Die deutschen Hersteller richten sich erneut auf ein Wachstumsjahr in den USA ein. Fünf Jahre nach der Krise habe sich der amerikanische Markt wieder erholt und sei zu früherer Größe zurückgekehrt, sagte der Präsident des deutschen Herstellerverbandes VDA, Matthias Wissmann, zum Auftakt der Automesse. Für 2014 rechnet er mit einer Zunahme der Neuzulassungen in den USA um 3 Prozent auf knapp 16 Millionen Pkw und leichte Nutzfahrzeuge. Das Luxussegment, in dem die deutschen Autobauer führend sind, werde dabei noch stärker zulegen. Experten gehen davon aus, dass die Nachfrage nach den besonders beliebten Geländewagen weiter klettern wird, da die Benzinpreise in den USA zurzeit vergleichsweise niedrig sind.

Im vergangenen Jahr gehörte die Marke VW mit einem Minus von 7 Prozent zu den wenigen Verlierern im US-Markt.  BMW dagegen steigerte sich um knapp 10 Prozent auf 309 280 Fahrzeuge. Damit mussten sich die Bayern allerdings Mercedes geschlagen geben. Die Stuttgarter, die im anderen wichtigen Wachstumsmarkt China um Anschluss kämpfen, steigerten den Verkauf in den USA dank neuer Modelle um 14 Prozent. Das brachte ihnen bis zum Jahresende gut 3000 Autos Vorsprung vor BMW.

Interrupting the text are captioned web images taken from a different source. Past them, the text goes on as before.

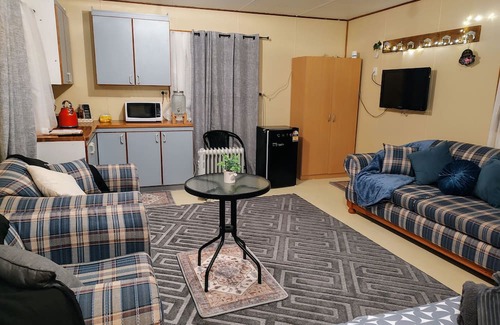 Tuross Head Apartment | Blossom Garden Studio is situated near beautiful beaches of Tuross Head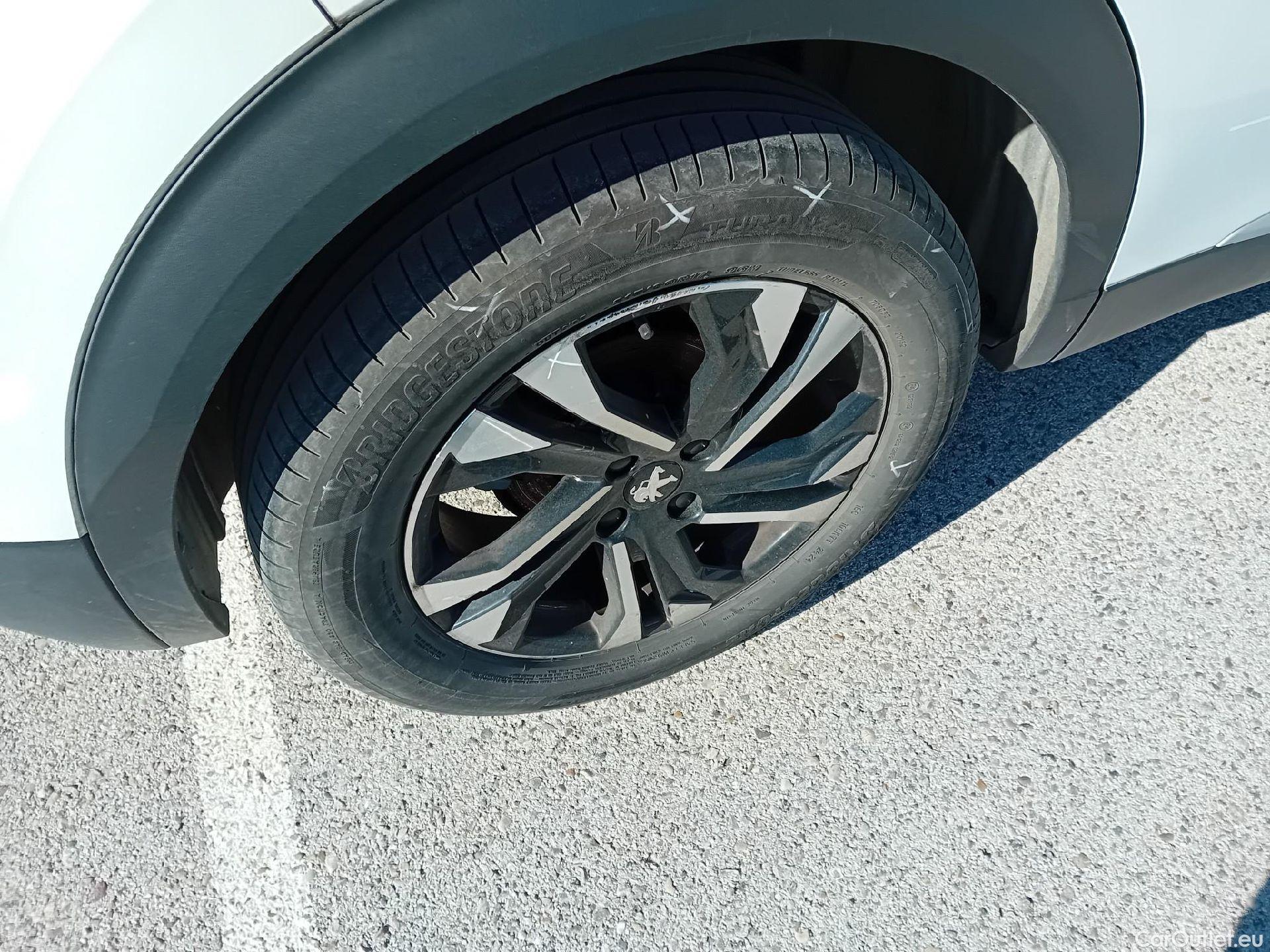  Peugeot  2008 PEUGEOT  / 2019 / 5P / todoterreno Allure BlueHDI 81kW (110CV) #35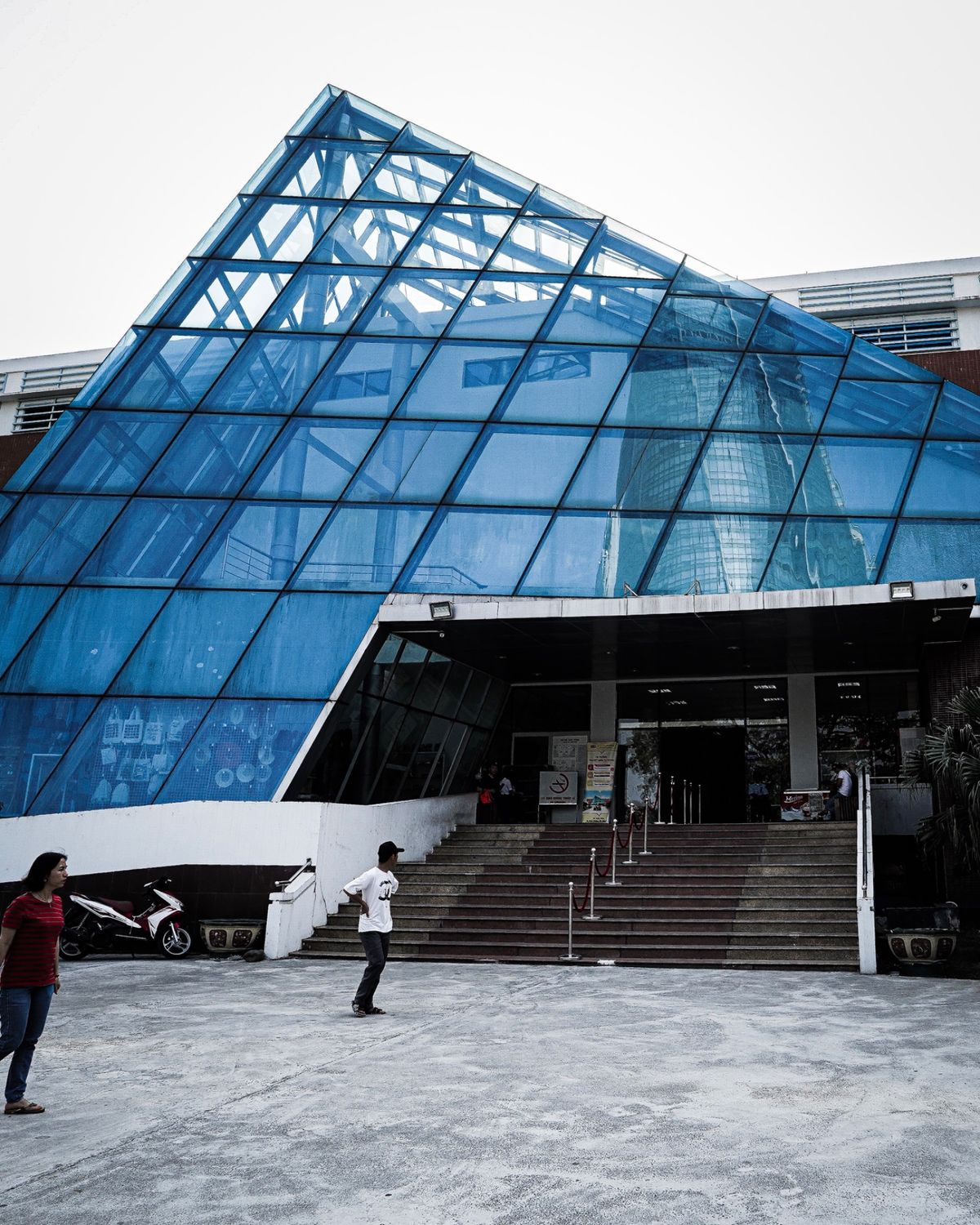 鳩尾の辺りが締め付けられる。ダナン博物館はダナンの歴史資料が数多く展示され...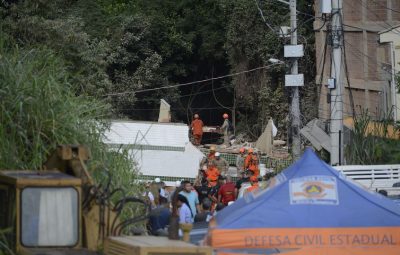 Prefeitura do Rio inicia demolição de prédios na Muzema Muzema 1 400x255 - Prefeitura do Rio inicia demolição de prédios na Muzema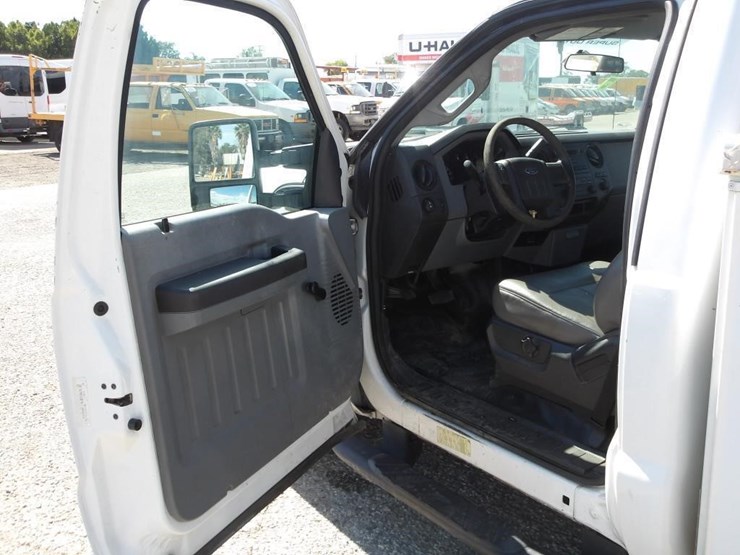 2014-ford-f250-image-14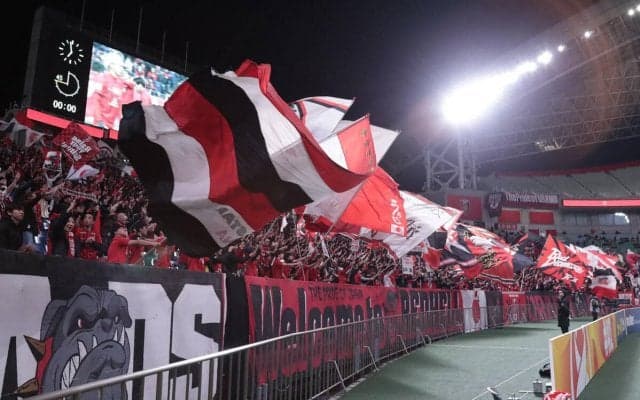 「マジで凄すぎる」「ちょっとうるっとした」想像以上の人数が集結、クラブW杯に臨む浦和をサポーターがチャントの大合唱で見送り…OBも「これはすごい」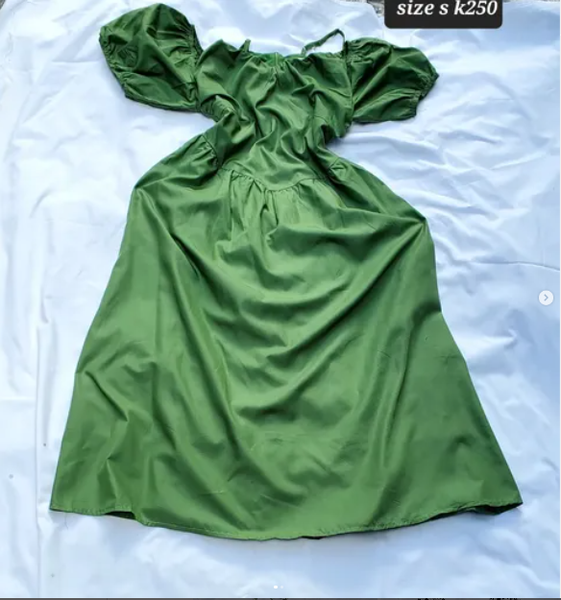 green dress
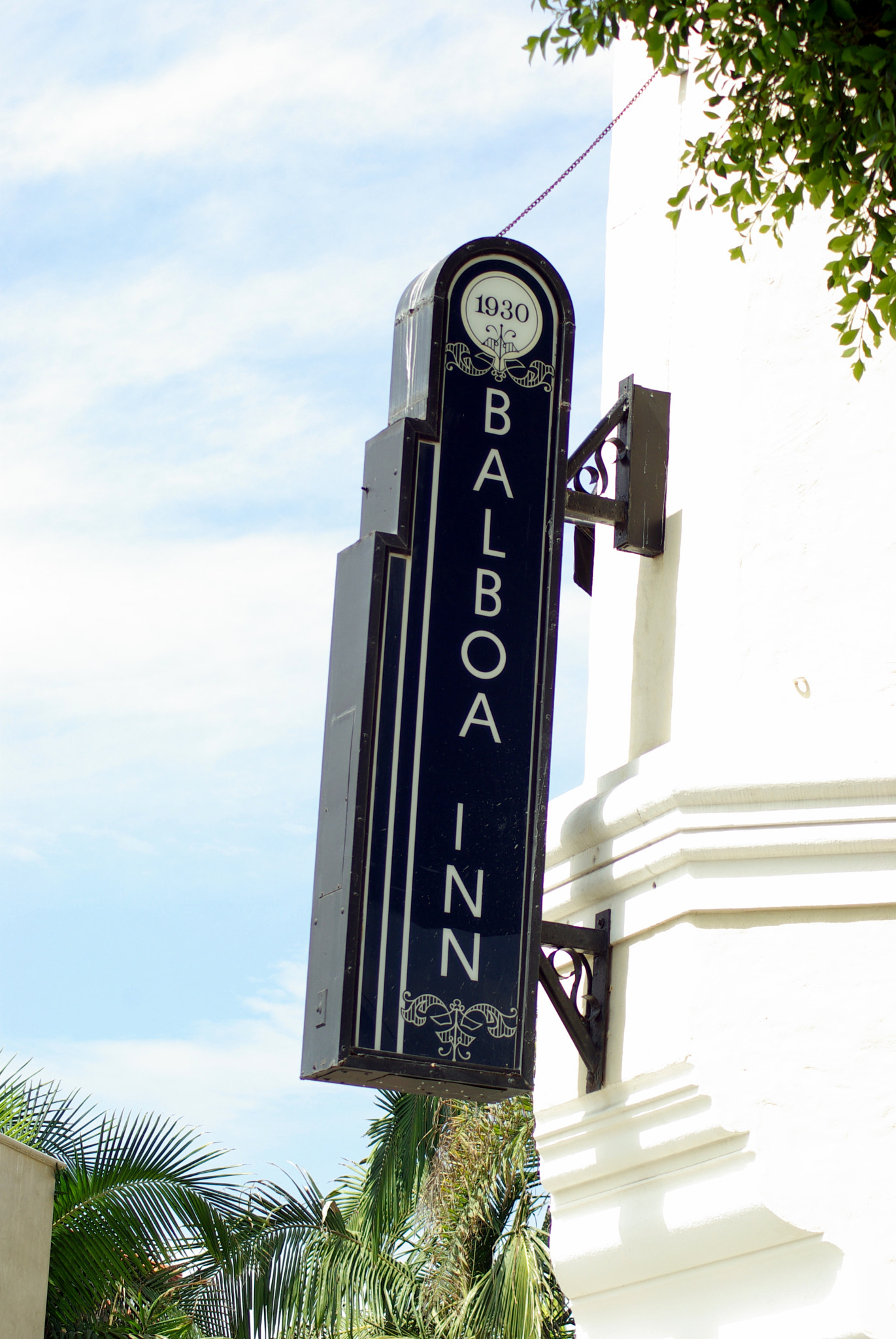 Pentax K10D sample photo. Balboa inn sign newport beach ca photography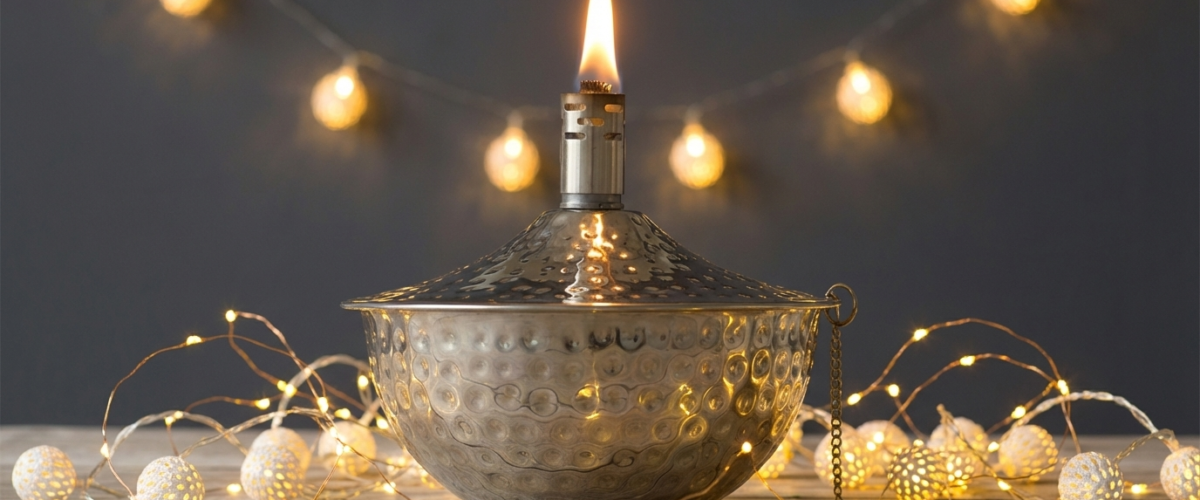garden oil lamp with fairy lights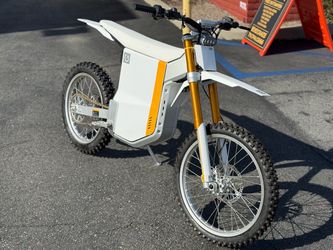 Electric Off road motorcycle 60+ mph 40% off retail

Weiteren Schub erhofft sich Zetsche von der neuen C-Klasse, die jetzt auch in den USA gebaut wird. Angesichts der hohen Nachfrage nach seinen Autos erwägt Daimler den Bau eines neuen Werks in Nordamerika. Die Fabrik in Tuscaloosa im US-Staat Alabama stößt mittlerweile an ihre Kapazitätsgrenzen. BMW will den Ausstoß seines US-Werks in Spartanburg, ebenfalls in Alabama, um 50 000 Fahrzeuge pro Jahr erhöhen. Bisher rollen dort jährlich rund 300 000 Geländewagen der Baureihen X3, X5 und X6 vom Band.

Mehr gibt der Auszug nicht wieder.